Work required >> Only one stretch of the data below is wanted: the lines starting at the one with "Coach Monogram Purse" and ending at the one with "Watercolor background with", both included, given again exactly.

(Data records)
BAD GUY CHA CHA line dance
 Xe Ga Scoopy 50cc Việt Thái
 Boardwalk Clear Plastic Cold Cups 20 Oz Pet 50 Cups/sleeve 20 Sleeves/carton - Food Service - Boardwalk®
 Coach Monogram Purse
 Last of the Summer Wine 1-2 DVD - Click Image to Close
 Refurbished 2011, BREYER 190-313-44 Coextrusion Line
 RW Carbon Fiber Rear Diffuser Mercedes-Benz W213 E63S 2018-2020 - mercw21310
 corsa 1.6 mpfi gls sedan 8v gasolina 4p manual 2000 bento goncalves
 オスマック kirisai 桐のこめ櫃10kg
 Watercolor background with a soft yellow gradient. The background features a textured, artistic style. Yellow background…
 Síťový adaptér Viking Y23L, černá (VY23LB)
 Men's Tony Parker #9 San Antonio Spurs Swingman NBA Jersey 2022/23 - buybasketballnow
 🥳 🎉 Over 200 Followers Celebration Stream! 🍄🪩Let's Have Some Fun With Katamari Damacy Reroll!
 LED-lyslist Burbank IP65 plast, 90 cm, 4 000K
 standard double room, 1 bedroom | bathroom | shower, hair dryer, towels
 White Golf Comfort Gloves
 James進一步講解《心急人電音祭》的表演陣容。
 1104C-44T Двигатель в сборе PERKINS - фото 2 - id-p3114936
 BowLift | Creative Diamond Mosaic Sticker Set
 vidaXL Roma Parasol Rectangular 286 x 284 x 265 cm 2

Answer for this exercise >>
 Coach Monogram Purse
 Last of the Summer Wine 1-2 DVD - Click Image to Close
 Refurbished 2011, BREYER 190-313-44 Coextrusion Line
 RW Carbon Fiber Rear Diffuser Mercedes-Benz W213 E63S 2018-2020 - mercw21310
 corsa 1.6 mpfi gls sedan 8v gasolina 4p manual 2000 bento goncalves
 オスマック kirisai 桐のこめ櫃10kg
 Watercolor background with a soft yellow gradient. The background features a textured, artistic style. Yellow background…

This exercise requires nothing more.